### YOUR GOAL
Set down nothing but the lines from the one containing "Lupi & pastori. Testimonianze e saggi" to the final line of the material, exactly as written, and drop the pictures.

### EXERCISE INPUTS
★ ★ ★ ★
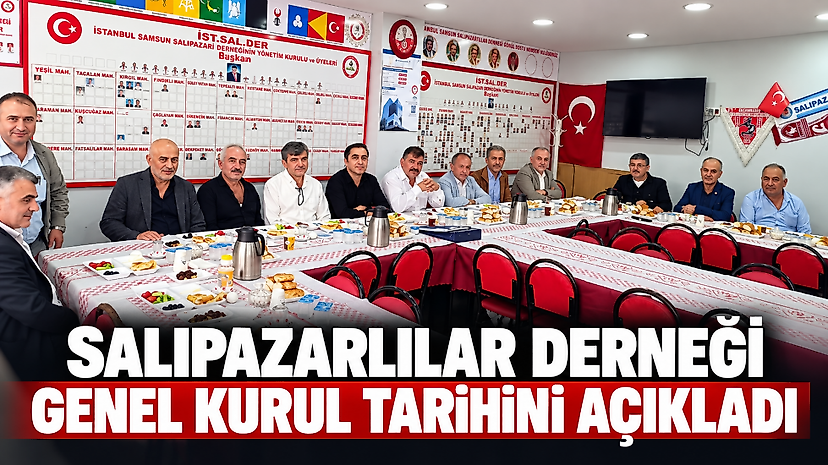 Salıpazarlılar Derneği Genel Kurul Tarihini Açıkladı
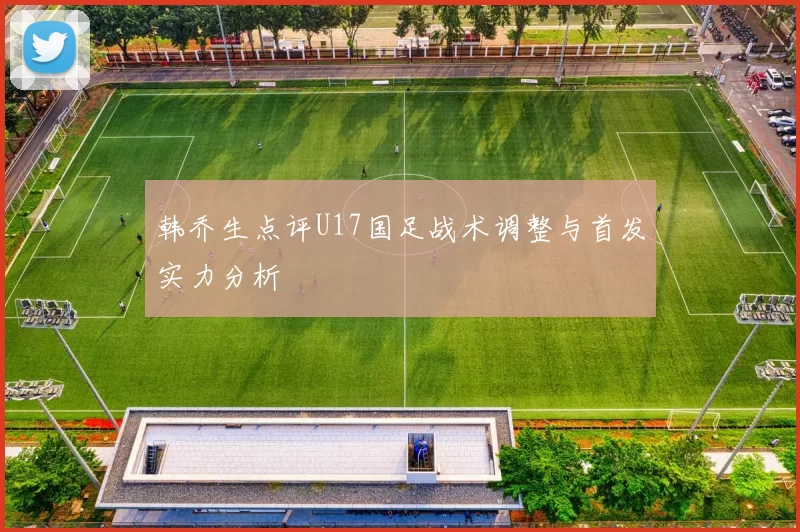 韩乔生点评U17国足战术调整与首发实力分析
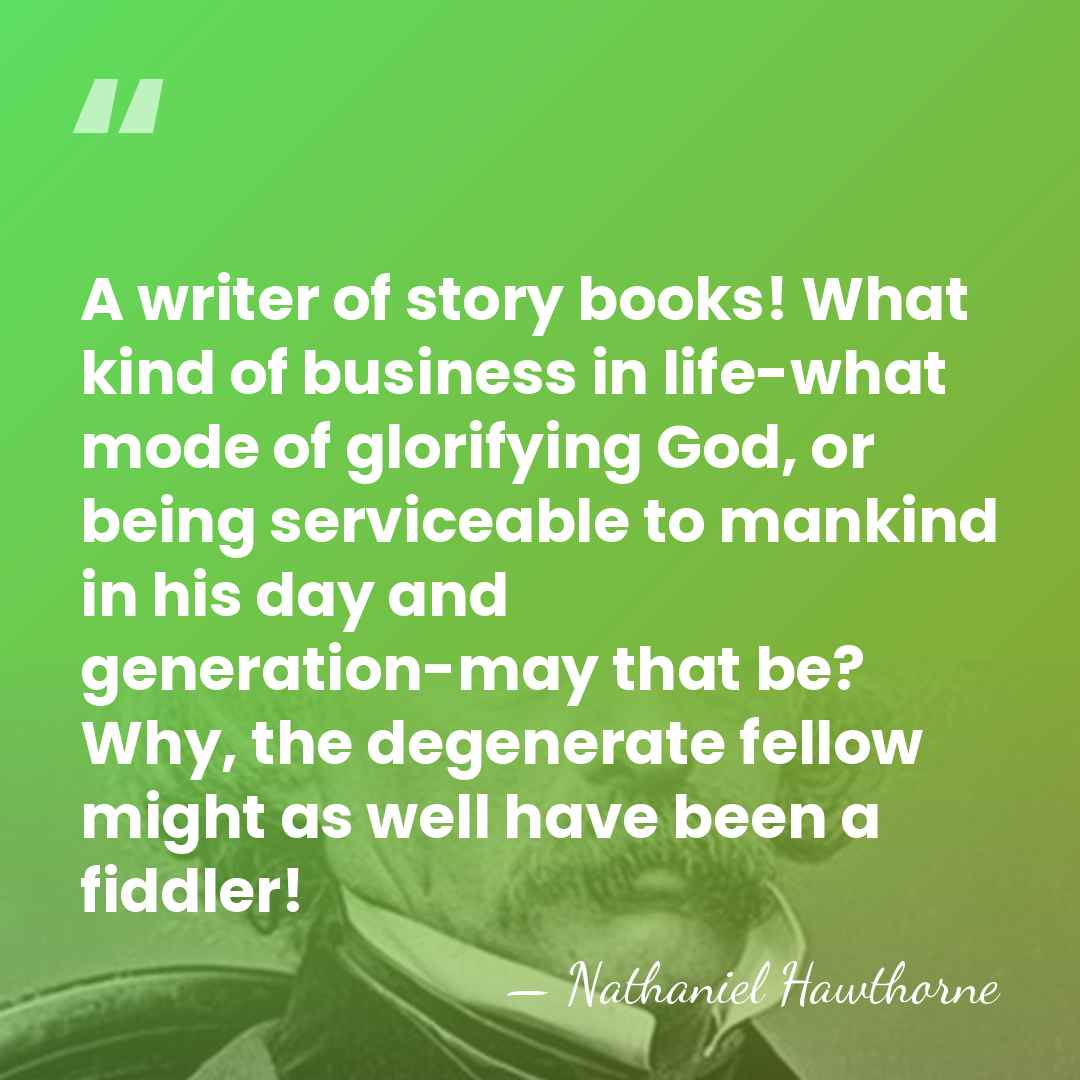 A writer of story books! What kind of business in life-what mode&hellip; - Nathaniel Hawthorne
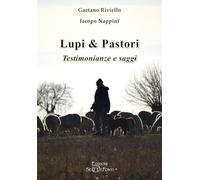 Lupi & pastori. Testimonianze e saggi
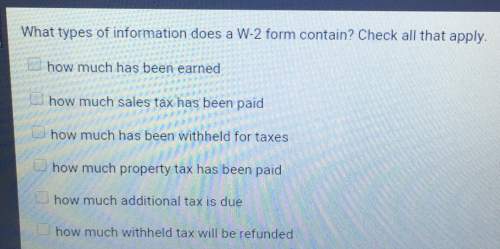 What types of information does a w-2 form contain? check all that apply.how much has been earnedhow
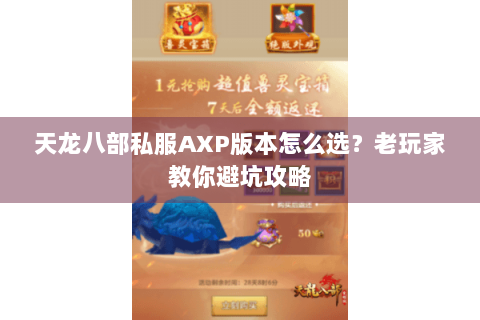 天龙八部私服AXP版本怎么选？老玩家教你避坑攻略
★ ★ ★ ★
### ANSWER BELOW
 Lupi & pastori. Testimonianze e saggi
 What types of information does a w-2 form contain? check all that apply.how much has been earnedhow
 天龙八部私服AXP版本怎么选？老玩家教你避坑攻略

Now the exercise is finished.